- Theatrical release poster by Matthew Peak
- Directed by: Jack Sholder
- Written by: David Chaskin
- Based on: Characters by Wes Craven
- Produced by: Robert Shaye
- Starring: Mark Patton; Kim Myers; Robert Rusler; Clu Gulager; Hope Lange; Robert Englund;
- Cinematography: Jacques Haitkin; Christopher Tufty;
- Edited by: Bob Brady; Arline Garson;
- Music by: Christopher Young
- Production companies: New Line Cinema; Heron Communications; Smart Egg Pictures;
- Distributed by: New Line Cinema
- Release date: November 1, 1985;
- Running time: 87 minutes
- Country: United States
- Language: English
- Budget: $3 million
- Box office: $30 million

= A Nightmare on Elm Street 2: Freddy's Revenge =

1985 film by Jack Sholder

A Nightmare on Elm Street 2: Freddy's Revenge (Note: Stylized on-screen as A Nightmare on Elm Street Part 2: Freddy's Revenge) is a 1985 American supernatural slasher film directed by Jack Sholder and written by David Chaskin. It stars Mark Patton, Kim Myers, Robert Englund as Freddy Krueger, and Robert Rusler. It is a sequel to A Nightmare on Elm Street (1984) and the second installment in the A Nightmare on Elm Street franchise. The film follows Jesse Walsh, a teenager who begins having recurring nightmares about Freddy Krueger after moving into the former home of Nancy Thompson from the first film.

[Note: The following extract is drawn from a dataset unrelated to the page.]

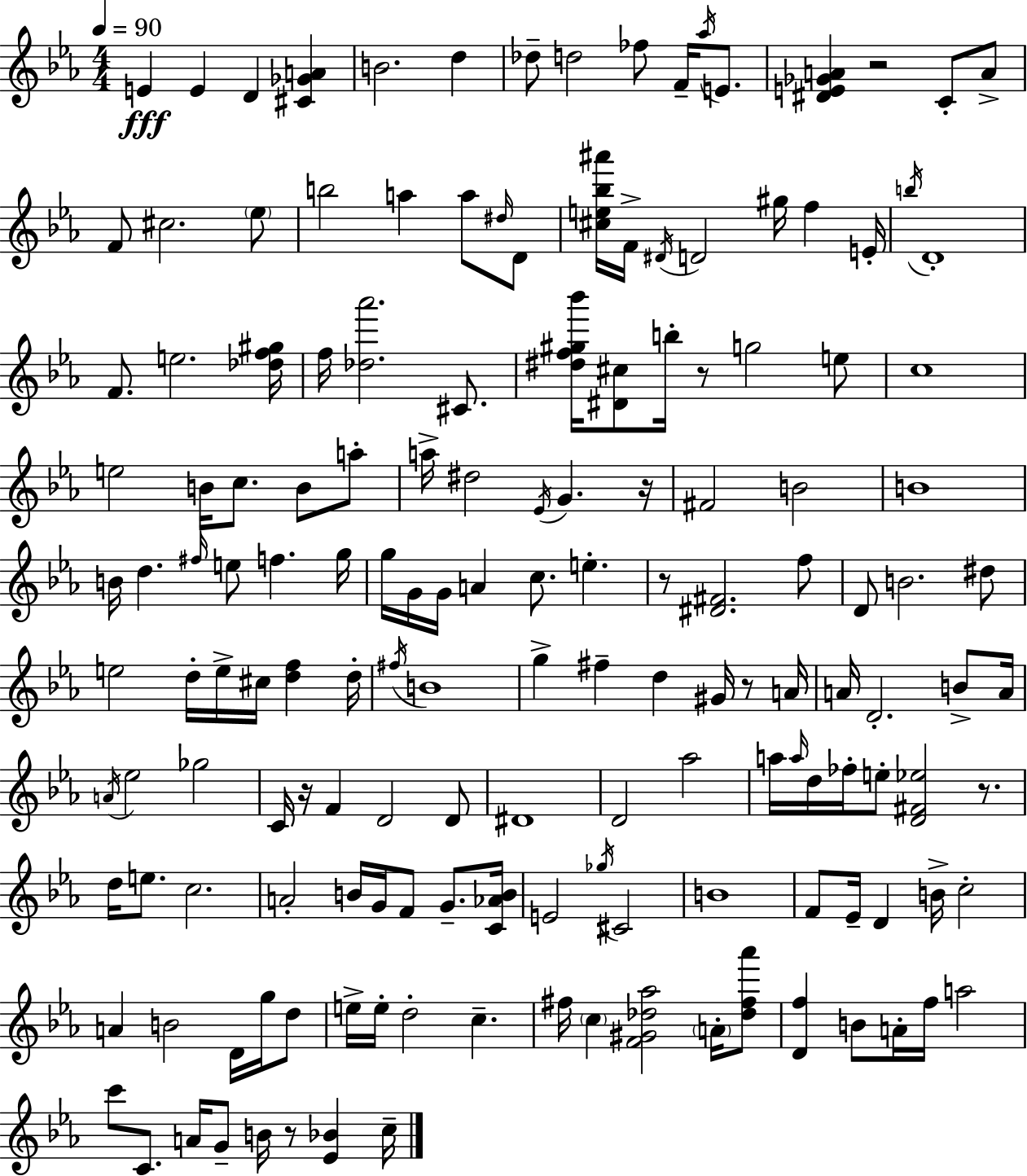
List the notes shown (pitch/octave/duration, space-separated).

E4/q E4/q D4/q [C#4,Gb4,A4]/q B4/h. D5/q Db5/e D5/h FES5/e F4/s Ab5/s E4/e. [D#4,E4,Gb4,A4]/q R/h C4/e A4/e F4/e C#5/h. Eb5/e B5/h A5/q A5/e D#5/s D4/e [C#5,E5,Bb5,A#6]/s F4/s D#4/s D4/h G#5/s F5/q E4/s B5/s D4/w F4/e. E5/h. [Db5,F5,G#5]/s F5/s [Db5,Ab6]/h. C#4/e. [D#5,F5,G#5,Bb6]/s [D#4,C#5]/e B5/s R/e G5/h E5/e C5/w E5/h B4/s C5/e. B4/e A5/e A5/s D#5/h Eb4/s G4/q. R/s F#4/h B4/h B4/w B4/s D5/q. F#5/s E5/e F5/q. G5/s G5/s G4/s G4/s A4/q C5/e. E5/q. R/e [D#4,F#4]/h. F5/e D4/e B4/h. D#5/e E5/h D5/s E5/s C#5/s [D5,F5]/q D5/s F#5/s B4/w G5/q F#5/q D5/q G#4/s R/e A4/s A4/s D4/h. B4/e A4/s A4/s Eb5/h Gb5/h C4/s R/s F4/q D4/h D4/e D#4/w D4/h Ab5/h A5/s A5/s D5/s FES5/s E5/e [D4,F#4,Eb5]/h R/e. D5/s E5/e. C5/h. A4/h B4/s G4/s F4/e G4/e. [C4,Ab4,B4]/s E4/h Gb5/s C#4/h B4/w F4/e Eb4/s D4/q B4/s C5/h A4/q B4/h D4/s G5/s D5/e E5/s E5/s D5/h C5/q. F#5/s C5/q [F4,G#4,Db5,Ab5]/h A4/s [Db5,F#5,Ab6]/e [D4,F5]/q B4/e A4/s F5/s A5/h C6/e C4/e. A4/s G4/e B4/s R/e [Eb4,Bb4]/q C5/s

Freddy's Revenge was released on November 1, 1985, and grossed $30 million at the domestic box office on a budget of $3 million. It received mixed reviews from critics upon release, with many comparing it unfavorably to its predecessor. However, it has enjoyed later success as a cult classic, with critics having reassessed the film's homoerotic themes and subject material. It was distributed by New Line Cinema. The film was followed by A Nightmare on Elm Street 3: Dream Warriors (1987).

==Plot==
Five years after Freddy Krueger's apparent defeat, (Note: As depicted in A Nightmare on Elm Street (1984)) the Walsh family has moved into Nancy Thompson's former home. Their teenage son, Jesse, has a nightmare about Freddy. Jesse and his friend Lisa Webber discover Nancy's diary in his room, detailing her nightmares, which are strikingly similar to his. Small fires occur around the house, culminating in the spontaneous combustion of the Walshes' pet birds.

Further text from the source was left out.